• **Brief**
The required output consists solely of the lines from the top of the listing through the line containing "24 hr raised", transcribed exactly.
*** Opening Provided records ***
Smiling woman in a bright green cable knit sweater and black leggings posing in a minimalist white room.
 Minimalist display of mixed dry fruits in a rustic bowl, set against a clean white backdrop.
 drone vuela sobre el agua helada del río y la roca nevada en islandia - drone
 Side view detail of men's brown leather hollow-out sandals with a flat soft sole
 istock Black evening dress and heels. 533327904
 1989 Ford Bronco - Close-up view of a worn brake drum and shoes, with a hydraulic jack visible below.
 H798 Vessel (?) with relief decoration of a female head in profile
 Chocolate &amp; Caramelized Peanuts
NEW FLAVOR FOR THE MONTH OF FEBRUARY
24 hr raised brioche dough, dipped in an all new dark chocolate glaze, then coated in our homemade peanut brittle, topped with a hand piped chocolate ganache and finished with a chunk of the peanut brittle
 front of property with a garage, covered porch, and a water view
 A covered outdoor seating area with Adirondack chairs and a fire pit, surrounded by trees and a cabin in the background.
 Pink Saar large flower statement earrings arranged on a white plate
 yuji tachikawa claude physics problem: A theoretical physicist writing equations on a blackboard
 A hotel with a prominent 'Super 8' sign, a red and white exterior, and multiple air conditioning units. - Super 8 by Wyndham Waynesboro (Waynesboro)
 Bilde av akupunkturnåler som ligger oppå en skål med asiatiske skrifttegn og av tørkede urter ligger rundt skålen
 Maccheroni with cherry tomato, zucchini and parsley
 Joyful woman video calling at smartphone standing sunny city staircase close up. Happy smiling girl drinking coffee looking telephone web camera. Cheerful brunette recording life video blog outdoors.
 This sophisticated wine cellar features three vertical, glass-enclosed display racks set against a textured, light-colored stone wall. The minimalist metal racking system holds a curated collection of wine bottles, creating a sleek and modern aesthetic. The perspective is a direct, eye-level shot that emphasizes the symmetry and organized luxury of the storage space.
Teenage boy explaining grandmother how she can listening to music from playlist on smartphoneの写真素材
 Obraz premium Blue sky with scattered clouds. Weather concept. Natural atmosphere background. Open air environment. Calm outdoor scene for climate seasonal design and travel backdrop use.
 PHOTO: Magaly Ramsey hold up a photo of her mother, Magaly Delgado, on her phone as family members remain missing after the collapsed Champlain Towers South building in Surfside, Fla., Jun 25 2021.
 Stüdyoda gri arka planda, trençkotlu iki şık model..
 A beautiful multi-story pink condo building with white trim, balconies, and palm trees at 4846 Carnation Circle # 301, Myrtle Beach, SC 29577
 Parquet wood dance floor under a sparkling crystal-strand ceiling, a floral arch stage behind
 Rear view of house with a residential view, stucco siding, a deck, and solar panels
*** Closing Provided records ***
• **Finished exercise**
Smiling woman in a bright green cable knit sweater and black leggings posing in a minimalist white room.
 Minimalist display of mixed dry fruits in a rustic bowl, set against a clean white backdrop.
 drone vuela sobre el agua helada del río y la roca nevada en islandia - drone
 Side view detail of men's brown leather hollow-out sandals with a flat soft sole
 istock Black evening dress and heels. 533327904
 1989 Ford Bronco - Close-up view of a worn brake drum and shoes, with a hydraulic jack visible below.
 H798 Vessel (?) with relief decoration of a female head in profile
 Chocolate &amp; Caramelized Peanuts
NEW FLAVOR FOR THE MONTH OF FEBRUARY
24 hr raised brioche dough, dipped in an all new dark chocolate glaze, then coated in our homemade peanut brittle, topped with a hand piped chocolate ganache and finished with a chunk of the peanut brittle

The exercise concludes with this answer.